Silver Creek to hold hearing on Flood Bay Road alteration, turnaround expansion
Flood Bay Road could be reshaped by 100 feet, and the May 12 hearing will decide how far the turnaround and maintenance area can grow.

Flood Bay Road could soon be altered at its edge in Silver Creek Township, with the town seeking to correct a stretch that extends 100 feet beyond its current legal description and widen the turnaround area neighbors have asked for. The township’s public hearing on the proposal is set for May 12 at 6:30 p.m. in the Silver Creek Township Board Meeting Room at 1924 Town Road.
The action grew out of a resolution passed by town electors at the March 10 annual meeting, directing the town to begin the alteration process.
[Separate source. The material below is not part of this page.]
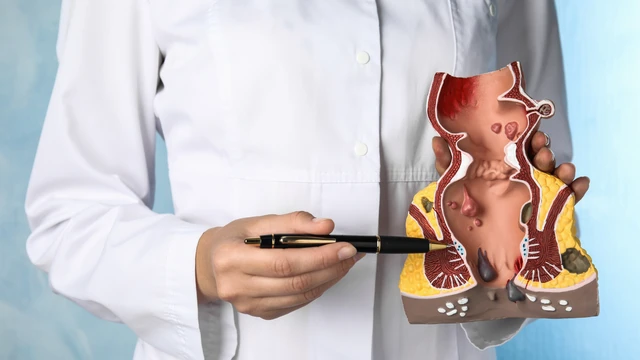 Tại sao phụ nữ thường bị trĩ sau sinh? Dấu hiệu nhận biết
That means the hearing is not just a formality: it is the point where Silver Creek residents and affected landowners can press the board on why the change is needed now, what it will cost, and how the road’s new shape could affect daily access, snow removal, maintenance responsibilities and emergency response at the road’s end.

The notice identifies the parcels tied to the proposed change as land owned by Rebecca and Robert Thibodo, Gary Molitor, and Kris and Anne Veiman. The legal description attached to the proposal lays out the new alignment in direction changes and distances, signaling that the board is working through the statutory road-order correction required before any physical change can be made. For the people whose land borders the road, the issue is immediate and practical: where vehicles turn around, where township equipment can maneuver, and how much land will be pulled into the public road system.
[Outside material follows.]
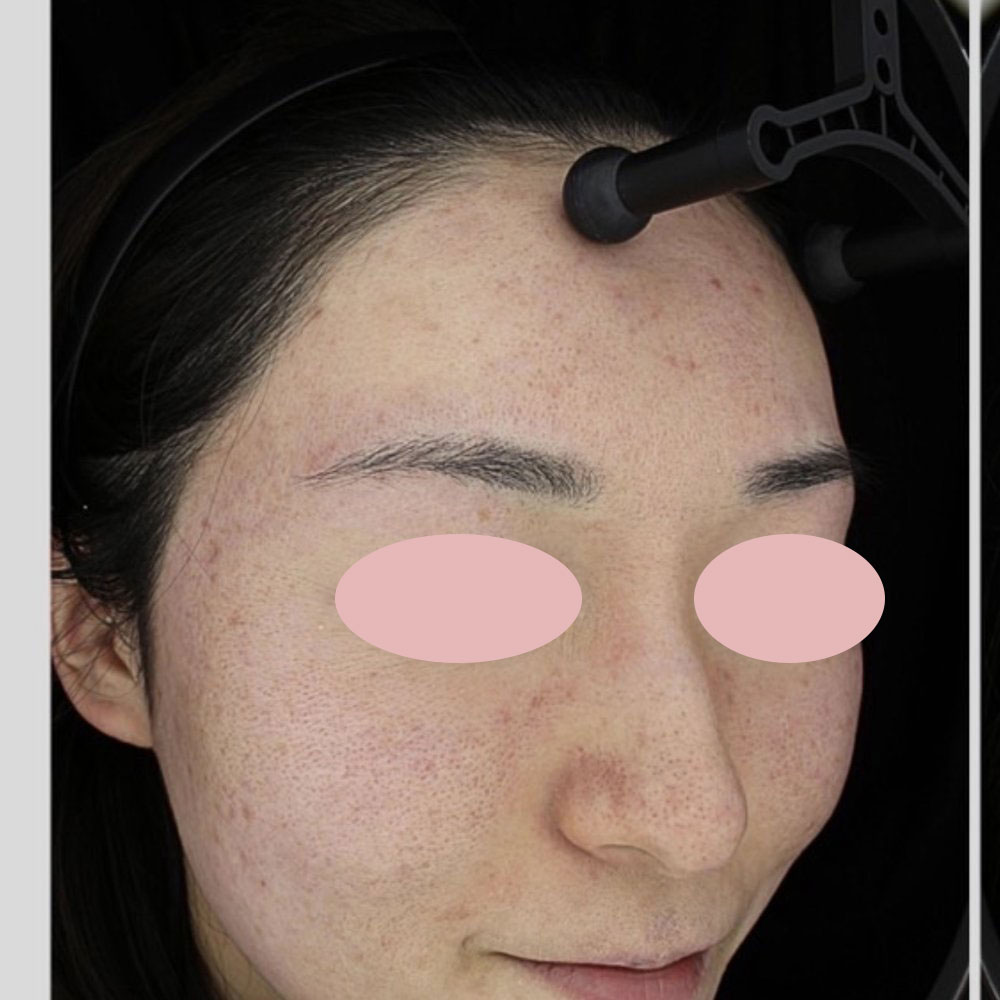 ポテンツァ ドラックデリバリー マックーム  施術前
Under Minnesota Statutes section 164.07, a town board may alter a town road on petition of at least eight qualifying voters, and affected landowners are entitled to judicial review of damages, need and purpose after the board makes its determination. Silver Creek Township says its regular meetings are normally held the second and third Tuesday of each month at 6:30 p.m. in the same board room, and it describes itself as one of Minnesota’s largest townships, stretching from Two Harbors to Split Rock State Park and inland to the Cloquet Lakes area. Founded in 1890 by immigrant families of Henry Clark and Ole Wick, the township is now weighing a road change that could reshape how one of its more remote public routes functions at the county’s edge.